The Science behind life insurance and why we don’t think we need it.

Deep down, most of us probably know that it’s a good investment in our future. But the truth is many people struggle to engage with life insurance enough to actually buy it, and for those that do, more struggle to keep it, review it and feel comfortable with it.

Some of the issues are based on effort –life insurance isn’t an easily accessible product, and it requires people to read an entire Product Disclosure Statement (PDS) or spend a lot of time with financial advisers if they really want to understand it.  

However, some of the issues people have in engaging with life insurance are rooted in natural human behaviour, and research in behavioural science allows us to understand what those causes are.

We’re overconfident

Try a simple exercise:

On a scale from 0-10, rate how safe you are as a driver compared to others –
where 0 is least safe, 5 is average, and 10 is the safest.

Simple tasks like this have been replicated time and time again in science. One of the more famous examples in America found that 93% of American drivers rate themselves as better than average. [i]

What this means

Given how averages work, that result is statistically impossible and can’t be true. However, people often fall prey to something called comparative optimism, which simply means we often think we’re “better than average”. We think that good things are more likely to happen to us, whereas bad things are more likely to happen to others.

This overconfidence tends to make us think life insurance is more relevant for other people than it is for us, even though that’s probably not the case.

So who can blame us for thinking that we won’t be the one to suffer the unlucky injury, or an unfortunate illness – we all think we’re more invincible than average!

[i] Svenson, Ola (1981). Are We All Less Risky and More Skillful than our Fellow Drivers?. Acta Psychologica. 47. 143-148.

We only respond to things that come to our mind easily

Another exercise to try:

If you pick a word at random from the dictionary, which of the following do you think is most likely to occur?
The word you picked starts with a K; or
The word you picked has a K as the third letter?

What do you think?

This was areal question that Nobel-winning behavioural economists Tversky and Kahneman tested. They found that people overestimate the occurrence of words that begin with “K” and underestimate the occurrence of words with “K” as the third letter.[i]

They concluded that because words beginning with “K” come to mind more easily, people judge them to be a more common occurrence. It’s obviously much easier to think of words that begin with “K” –the way our memory works means we start from this first letter and build out words from there: kangaroo, kitchen, knife. But it takes a much more concentrated effort to think of words that have the third letter “K”: ask, acknowledge.

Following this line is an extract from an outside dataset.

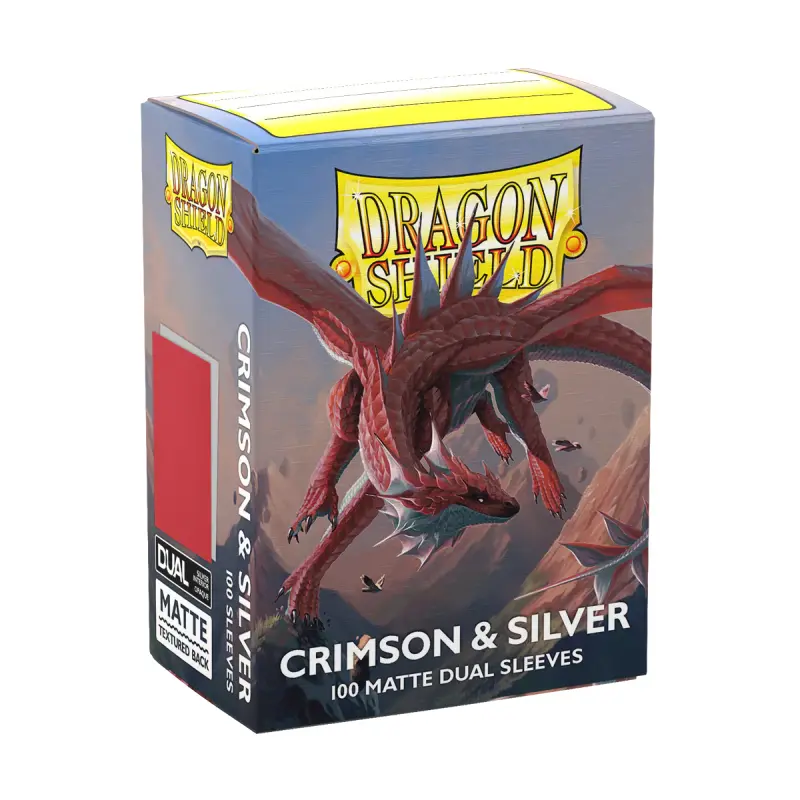 Dragon Shield - Standard Sleeves - Dual Matte Crimson & Silver (100 Sleeves)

The truth, however, is that there are three times more words with “K” as the third letter than words that begin with “K”.

This behaviour is called the availability heuristic. Simply put, things that come to mind more easily are believed to be far more common and more accurate reflections of the real world.

Similarly, reports of shark attacks and airplane accidents often lead people to believe that such events are much more typical than they truly are.

This sheds light on why surfers on Australia’s east coast have started taking out shark attack insurance. About 15 people are attacked by a shark each year, and around 1 is fatal.[ii] Yet statistically, people are more likely to be struck by lightning (about 10 people die each year from lightning strikes in Australia, with a further 100 injured),[iii] let alone suffer a heart attack like over 7,000 Australians each year.[iv]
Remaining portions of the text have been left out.